Вознесясь над неподвижными озерами, пролетев над болотом с его мерцающими огоньками, которые отражались в морской воде, над берегом, освещенным лучами заходящего солнца… Ты вдруг разворачиваешься и направляешься в глубь материка, к кипарисам и черной воде. Затем снова резко взмываешь в небо, нацелившись на солнце, завертевшись, закружившись, перейдя в свободное падение, извернувшись, чтобы бросить взгляд на вздыбившуюся навстречу землю, простирающуюся между вспышками света и медленно катящимися волнами камышовых зарослей. Ты почти надеешься увидеть там Лаури, раненого, но выжившего в той давней первой экспедиции, несчастного Лаури, ползущего к спасительной границе. Но вместо этого видишь биолога, трусящую по темнеющей тропинке… а позади у нее за спиной притаился и ждет, скуля от боли, преобразившийся психолог из какой-то экспедиции, кажется, до двенадцатой. И в том твоя вина, как и любого другого, и поправить уже ничего нельзя. И нет тебе прощения.

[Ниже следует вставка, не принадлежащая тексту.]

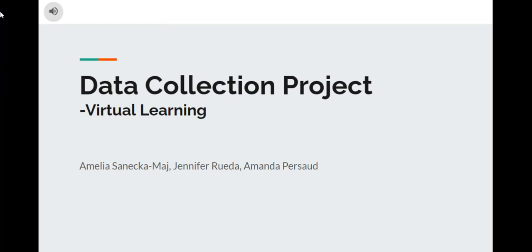This data collection project made by Amelia, Jennifer, and Amanda was based on the topic virtual learning.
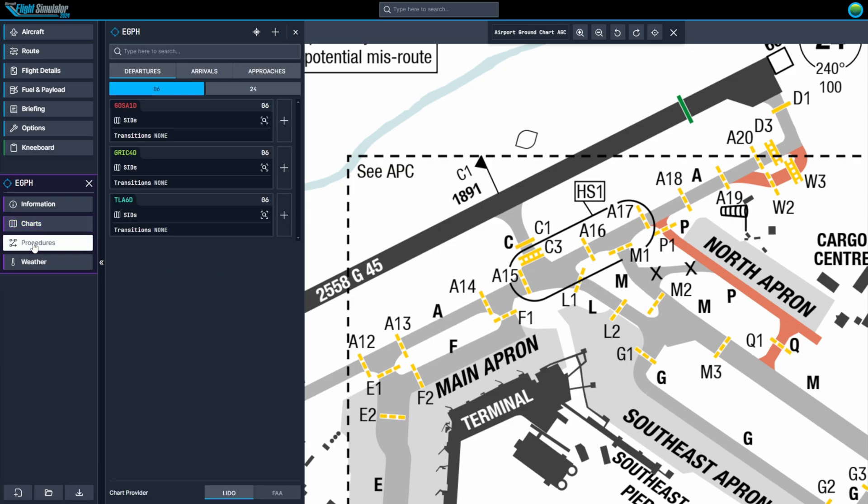The Procedures tab provides detailed information on standard departure procedures (SIDs), standard arrival procedures (STARs), and approach procedures (IAPs) for an airport. These charts help pilots follow the correct flight paths for departures, arrivals, and approaches, ensuring safety and compliance with air traffic control guidelines.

А потом снова резкий разворот, быстро приближающийся маяк. По обе стороны от него дрожит воздух, а потом обретает разные очертания, то взвивается вопросительным знаком, то стелется ровно и низко, поднимается высоко лишь затем, чтоб опуститься к самой земле. И вот он окончательно изгибается вопросительным знаком – словно для того, чтоб ты стала свидетелем собственного жертвоприношения; и эти очертания зависают там, источая свечение. Что за грустный знак препинания – зеленое пламя, сигнал бедствия, знак упущенной возможности. Ты все еще паришь в воздухе? Умираешь или уже умерла? Сложно сказать.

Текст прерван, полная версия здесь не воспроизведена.